HDFS snapshots

You can schedule taking HDFS snapshots for replication in the Replication Manager. HDFS snapshots are read-only point-in-time copies of the filesystem. You can enable snapshots on the entire filesystem, or on a subtree of the filesystem. In Replication Manager, you take snapshots at a dataset level. Understanding how snapshots work and some of the benefits and costs involved can help you to decide whether or not to enable snapshots.

To improve the performance and consistency of HDFS replications, enable the HDFS replication source directories for snapshots, and for Hive replications, enable the Hive warehouse directory for snapshots. For more information, see HDFS snapshots.

Enabling snapshots on a folder requires HDFS admin permissions because it impacts the NameNode. When you enable snapshots, all the subdirectories are automatically enabled for snapshots as well. So when you create a snapshot copy of a directory, all content in that directory including the subdirectories is included as part of the copy. If a directory contains snapshots but the directory is no longer snapshot-enabled, you must delete the snapshots before you enable the snapshot capability on the directory.

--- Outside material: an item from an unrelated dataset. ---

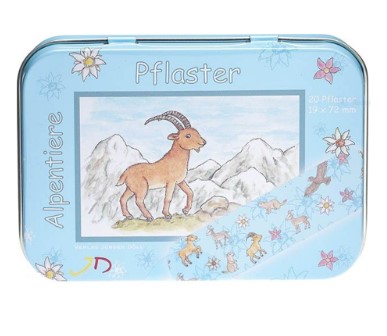 Pansement adhésif DÖLL 19x72mm Alpentiere boîte 20 pièces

Take snapshots on the highest-level parent directory that is snapshot-enabled. Snapshot operations are not allowed on a directory if one of its parent directories is already snapshot-enabled (snapshottable) or if descendants already contain snapshots.

For example, in the following directory tree image, if directory-1 is snapshot-enabled but you want to replicate subdirectory-2, you cannot select only subdirectory-2 for replication. You must select directory-1 for your replication policy.

There is no limit to the number of snapshot-enabled directories you can have. A snapshot-enabled directory can accommodate 65,536 simultaneous snapshots. Blocks in datanodes are not copied during snapshot replication. The snapshot files record the block list and the file size. There is no data copying.

When snapshots are initially created, a directory named .snapshot is created on the source and destination clusters under the directory being copied. All snapshots are retained within .snapshot directories. By default, the last three snapshots of a file or directory are retained. Snapshots older than the last three are automatically deleted.